Philosophical musings: interpreting models

Alaric Williams alaric@alaric-williams.com
Thu, 9 Sep 1999 11:11:36 +0100 (BST)


On Thu, 9 Sep 1999, Jim Little wrote:

> I agree that portable software will always be partly the responsibility
> of the programmer.  The programmer has to think about what he codes and
> use the most general solution he can.  But I think what you're saying
> about library design applies equally well to language design. 
> Furthermore, I think high-level languages are preferable to high-level
> libraries.  The reason is that a compiler can't understand the semantics
> of a library, but it CAN understand the semantics of a new keyword.  The
> more a compiler understands, the more flexibility it has in producing
> code, and that translates to optomization and portability.

What, though, about designing a very simple language of atomic constructs
that can be easily theorised about etc. then defining a high level
powerful standard library in terms of that, BUT make sure that smarter
compiles can treat the standard library as special code generation cases
(this is hard in Scheme because IIRC you can theoretically assign your own
function to the symbol + and mess everything up :-)?
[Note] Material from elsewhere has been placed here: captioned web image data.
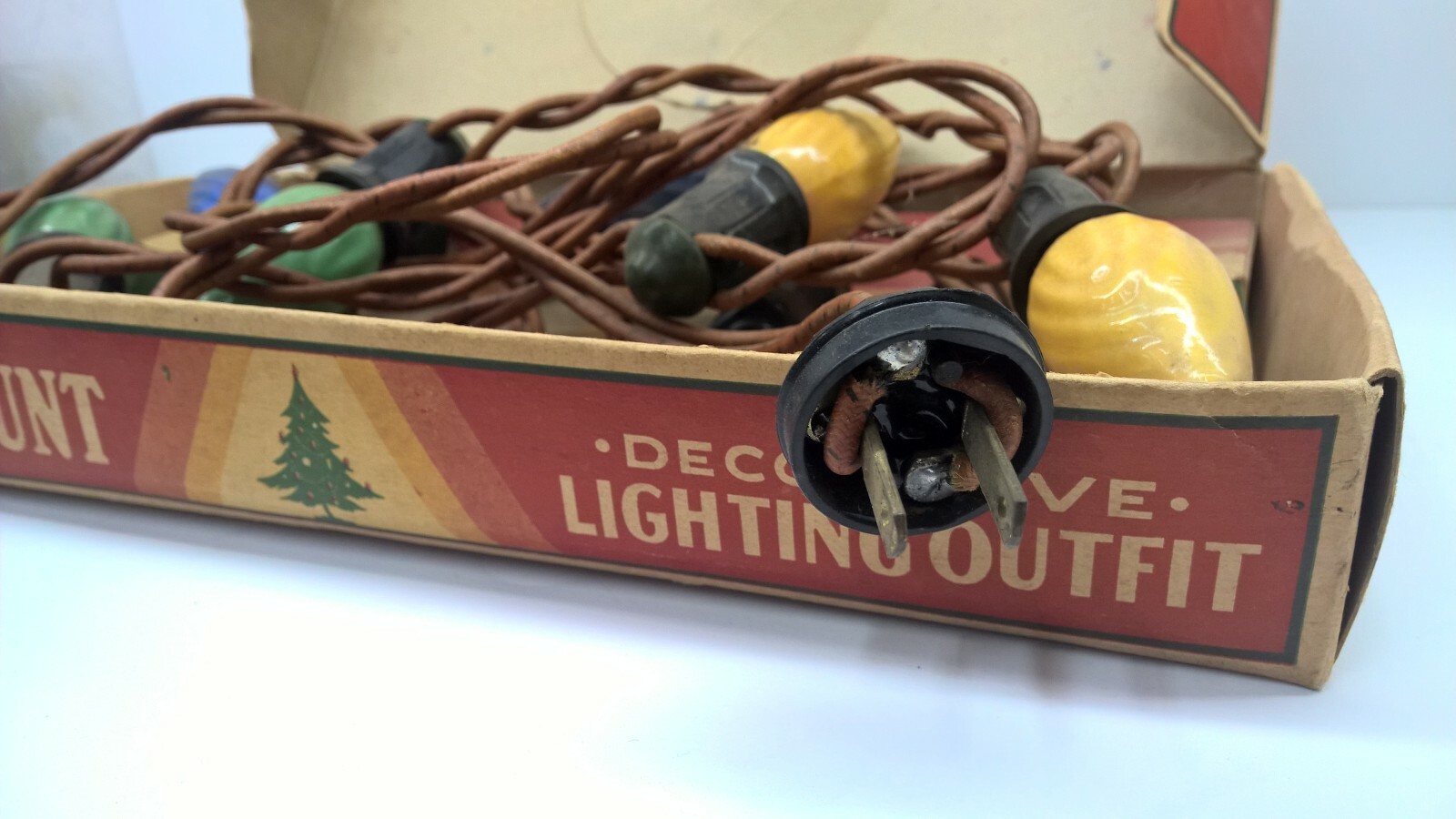 Vintage Paramount Christmas Lights Works 7 String Light Set Original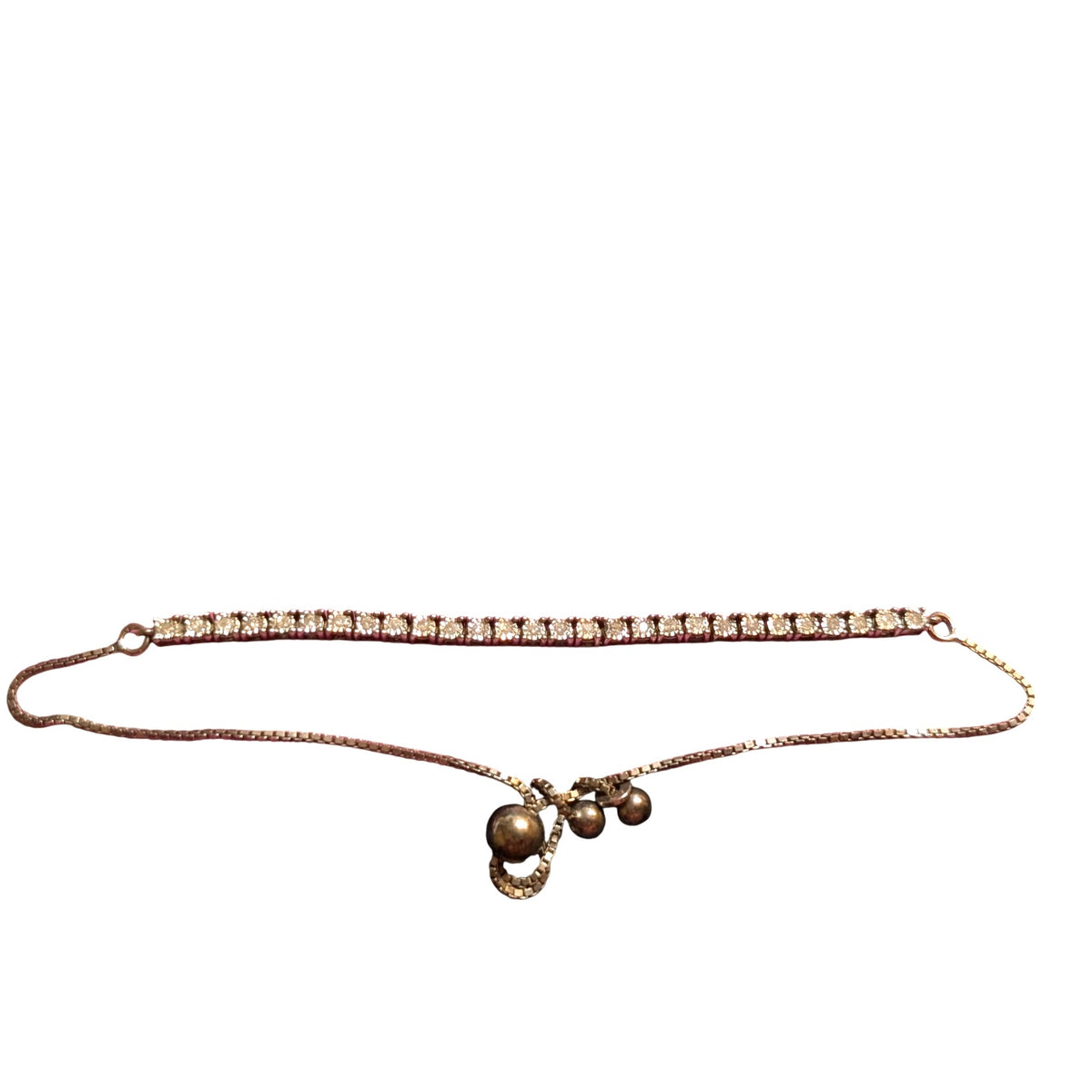 Unique Designs 925 Sterling Silver Diamond Tennis Adjustable Pull Chain Bracelet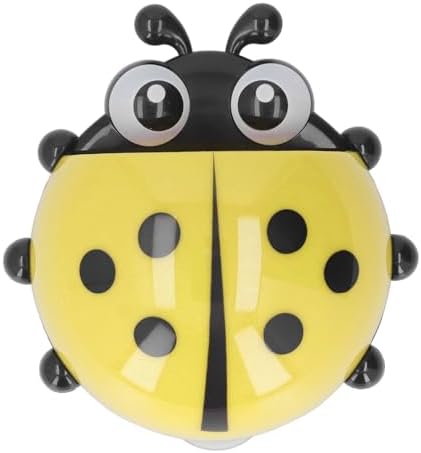 Naroote Kids Toothbrush Holder Cartoon Wall-Mounted Berk Bin and Dispenser 2PCS Yellow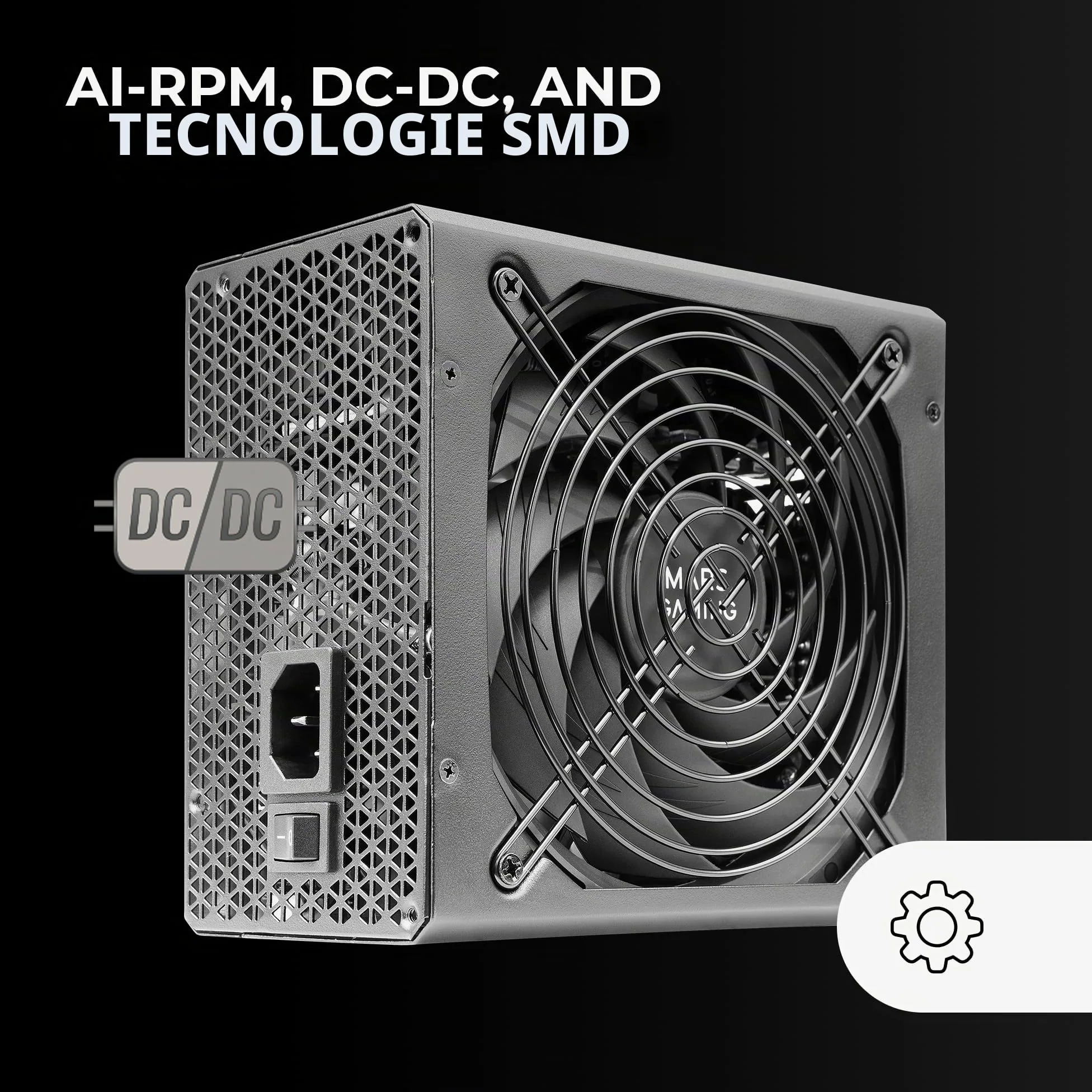 Mars Gaming MPB1000P, Alimentatore Modulare ATX 3.1 1000W, 10 Anni di Garanzia, 80Plus Gold, Ventola 140mm AI-RPM, Condensatori Giapponesi, Supporto PCIe 5.1 e APFC, Tecnologia DC-DC e SMD, Nero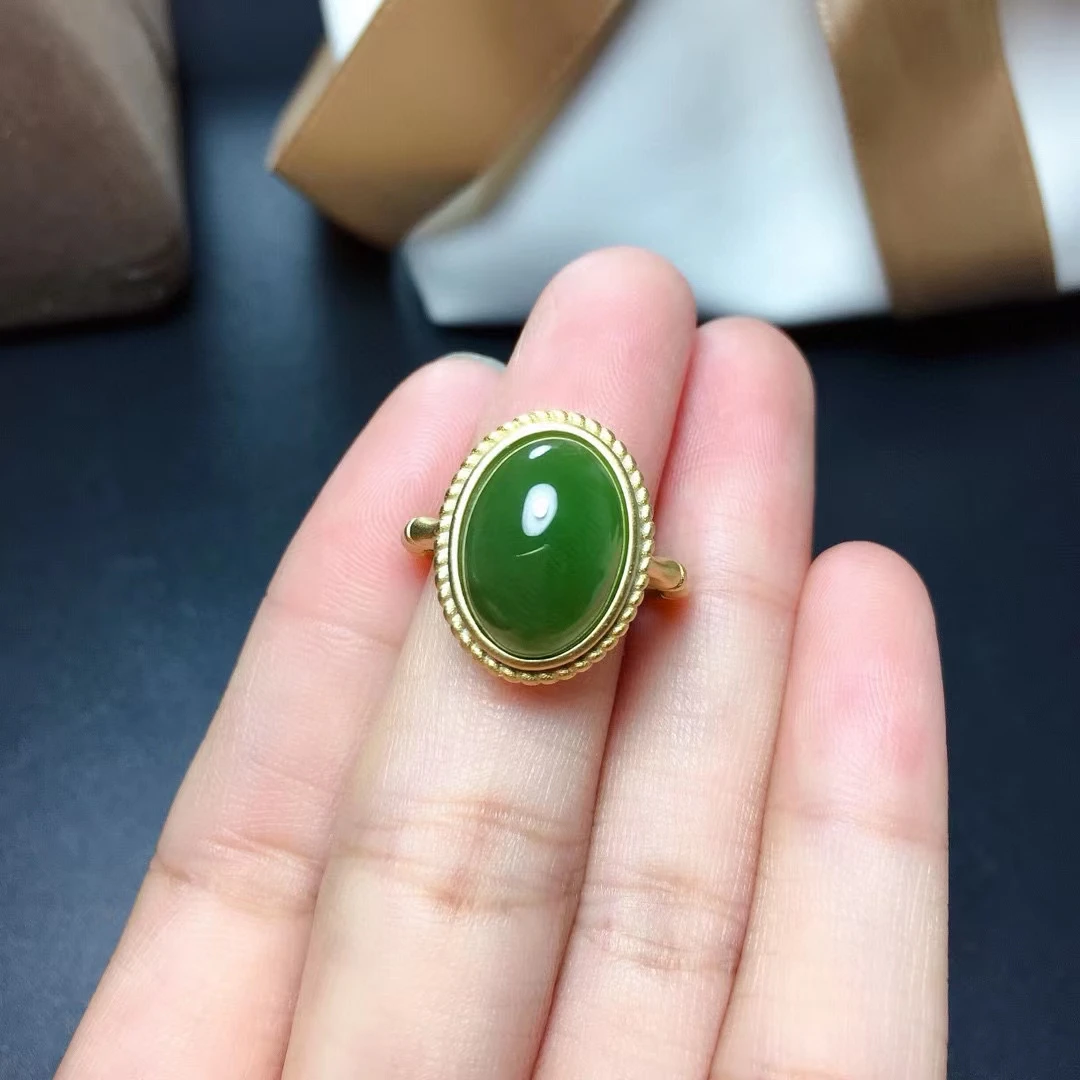 Vintage Silver Jade Ring with 3 Layers 18K Yellow Gold Plating10mm*14mm Natural Green Jade Ring for Party Woman Gift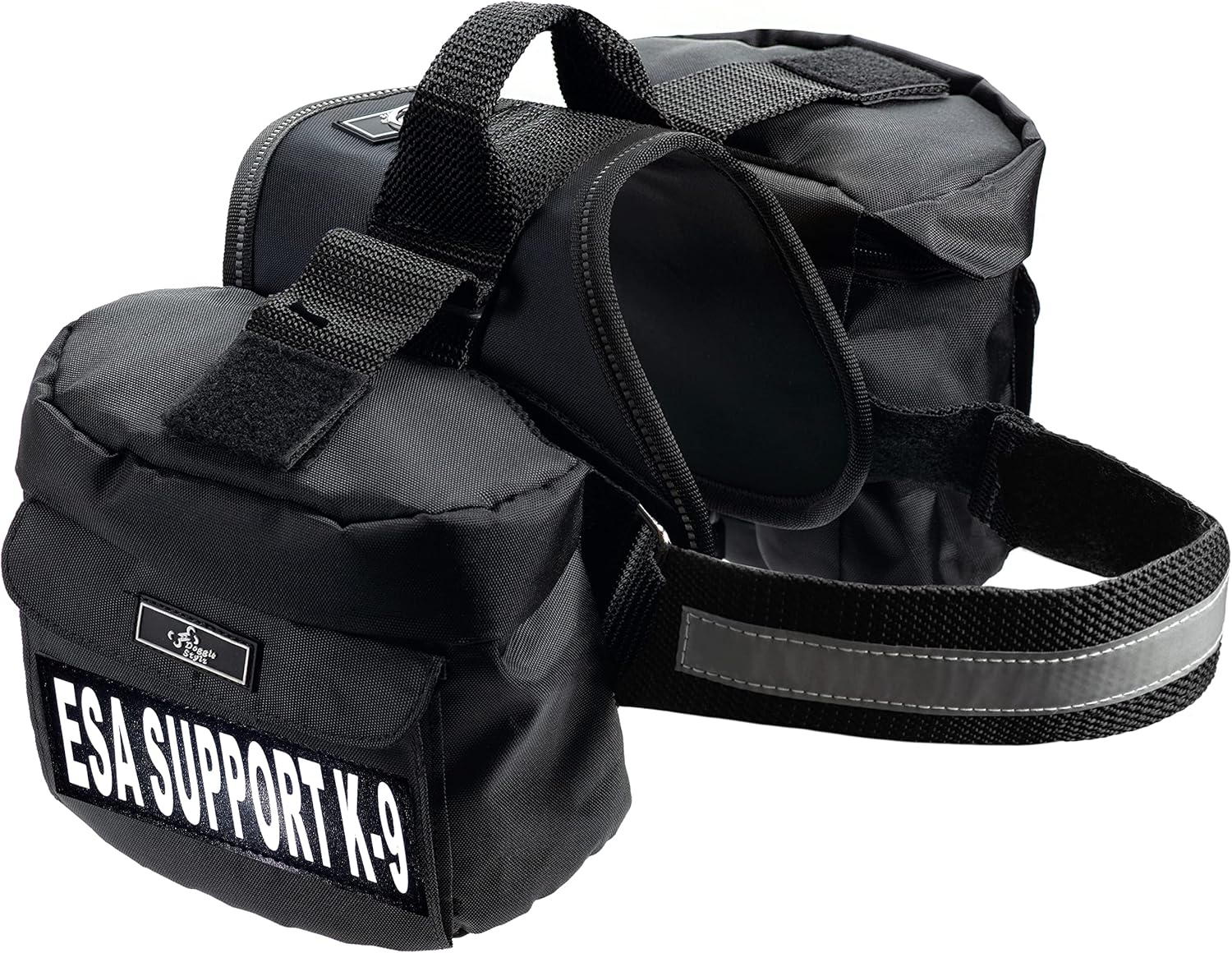 ESA Emotional Support Dog Harness with Removable Saddle Bag Backpack Carrier Traveling Carrying Bag. 2 ESA Support K-9 Removable Patches. Please Measure Dog Before Ordering. Made by Doggie Stylz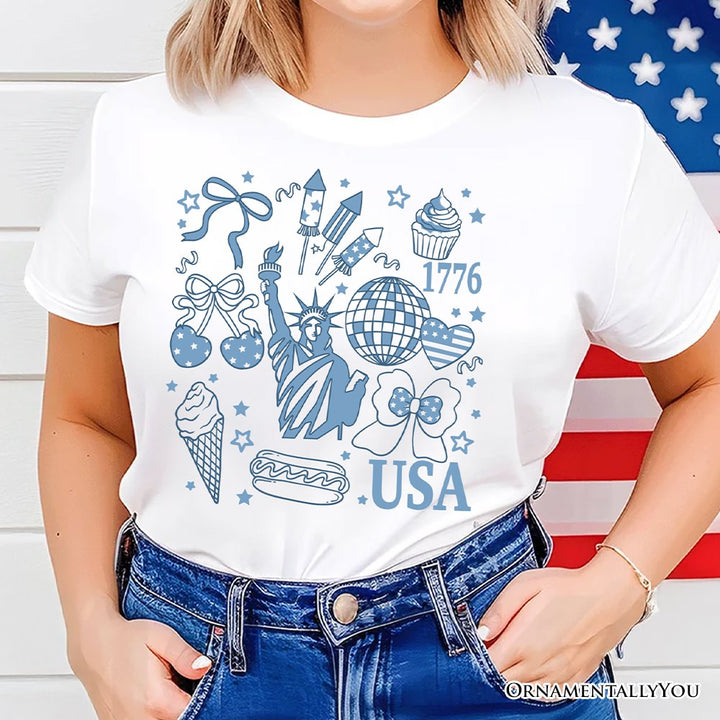 USA Liberty Retro Coquette T-Shirt, 1776 Patriotic 4th of July Tee T-Shirts OrnamentallyYou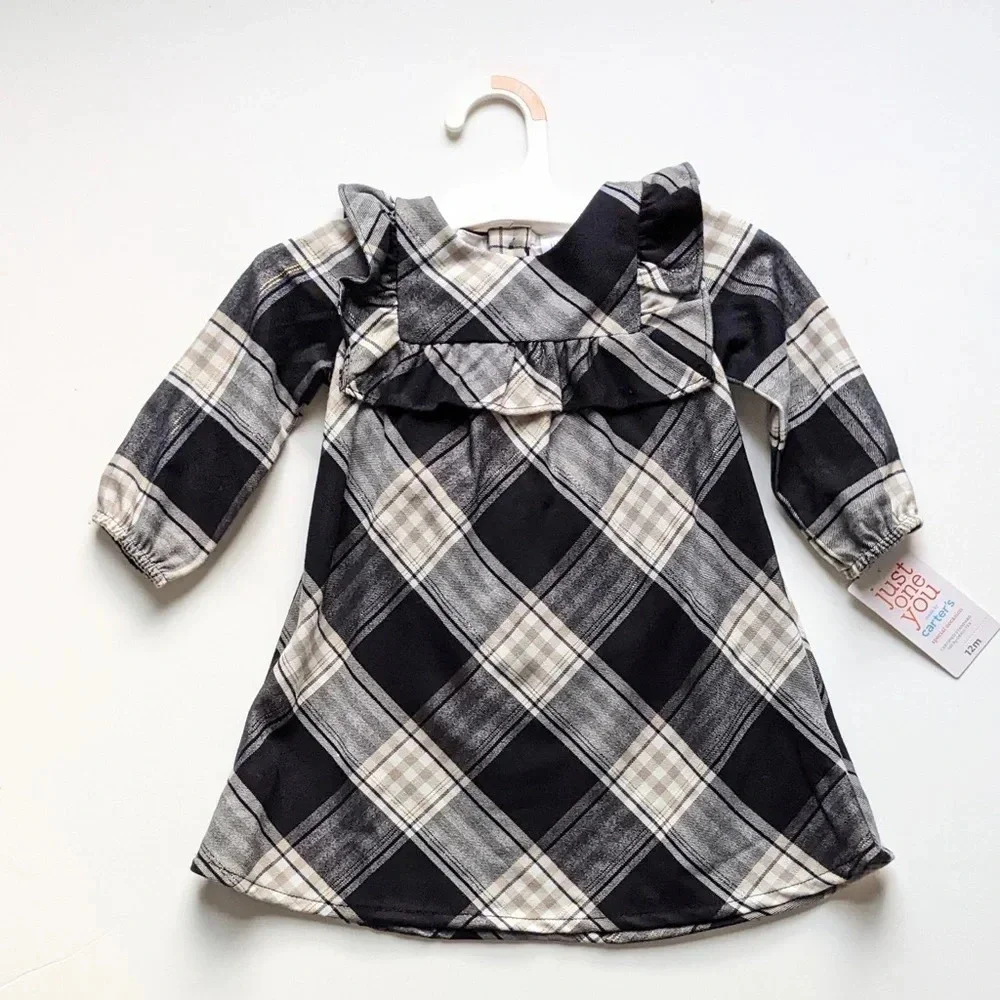 Carters Infant Girls Festive Plaid Ruffle *Dress - Black & Off White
Then you can:

1) Bootstrap a system on new architecture by just writing the simple
compiler and using standard source-code libraries

2) Later port the backend of a complex optimising compiler that deals with
most, of not all, of the standard library as fundamental syntactic
constructions, and implementing the rest in terms of special syntactic
constructs designed to allow hardware implementation of certain operations
internal to the remaining library functions

3) To prove properties, either try to prove the correctness of your
optimising compiler in terms of it being identical to the standard library
based on the axioms of your basic language, or prove/assume the
correctness of the simple compiler and use the standard library.